The delete command(d) deletes the content of the pattern space and caused new line to be read with editing resuming at the top of the script. However, D command deletes a portion of the pattern space up to the first embedded newline. It doesn't cause a new line to be read, instead it returnes to the top of the script, applying the instructions on the remaining in the pattern space. (A typical example of changing workflow).
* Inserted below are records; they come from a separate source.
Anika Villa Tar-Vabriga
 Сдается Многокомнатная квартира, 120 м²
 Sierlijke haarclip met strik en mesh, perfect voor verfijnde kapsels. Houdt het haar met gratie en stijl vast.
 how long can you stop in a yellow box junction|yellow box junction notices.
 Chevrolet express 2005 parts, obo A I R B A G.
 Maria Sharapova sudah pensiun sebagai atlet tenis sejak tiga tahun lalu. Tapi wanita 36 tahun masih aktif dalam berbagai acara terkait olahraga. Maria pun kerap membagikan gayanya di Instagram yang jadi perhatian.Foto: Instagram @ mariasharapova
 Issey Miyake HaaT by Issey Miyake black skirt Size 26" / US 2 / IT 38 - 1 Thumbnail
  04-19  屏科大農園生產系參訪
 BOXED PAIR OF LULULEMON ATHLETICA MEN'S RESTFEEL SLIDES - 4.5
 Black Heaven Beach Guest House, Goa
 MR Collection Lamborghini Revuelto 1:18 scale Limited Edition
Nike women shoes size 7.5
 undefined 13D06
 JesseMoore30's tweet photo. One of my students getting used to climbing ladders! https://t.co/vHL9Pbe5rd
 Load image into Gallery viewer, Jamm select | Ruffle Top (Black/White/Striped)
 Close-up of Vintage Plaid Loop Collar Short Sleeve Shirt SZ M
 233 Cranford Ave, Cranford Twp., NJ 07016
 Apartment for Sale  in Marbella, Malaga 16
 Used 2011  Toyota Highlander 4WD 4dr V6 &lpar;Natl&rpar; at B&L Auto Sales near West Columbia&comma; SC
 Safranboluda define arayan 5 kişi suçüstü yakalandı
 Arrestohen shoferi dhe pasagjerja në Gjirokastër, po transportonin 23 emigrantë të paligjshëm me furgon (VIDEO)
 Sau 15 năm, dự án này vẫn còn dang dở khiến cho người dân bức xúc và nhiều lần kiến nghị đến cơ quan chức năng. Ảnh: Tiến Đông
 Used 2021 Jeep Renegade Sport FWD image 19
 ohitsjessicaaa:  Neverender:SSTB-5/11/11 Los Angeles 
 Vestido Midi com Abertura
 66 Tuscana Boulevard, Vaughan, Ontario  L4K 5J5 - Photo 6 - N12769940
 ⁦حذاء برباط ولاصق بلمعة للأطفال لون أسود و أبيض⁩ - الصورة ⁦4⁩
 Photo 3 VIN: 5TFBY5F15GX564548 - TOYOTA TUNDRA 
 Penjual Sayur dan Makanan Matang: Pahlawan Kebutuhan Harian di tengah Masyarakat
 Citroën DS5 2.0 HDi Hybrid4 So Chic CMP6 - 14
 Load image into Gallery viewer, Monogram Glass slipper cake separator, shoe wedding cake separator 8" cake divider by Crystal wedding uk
D N P all together can maintain a loop which looks at mulitple lines. (N read lines, P print lines, D delete the first line and return to the start of the loop).

A single case study:

-----------------------

I want to see @f1(what will happen) if we put the
font change commands @f1(on a set of lines).  If I understand
things (correctly), the @f1(third) line causes problems. (No?).
Is this really the case, or is it (maybe) just something else?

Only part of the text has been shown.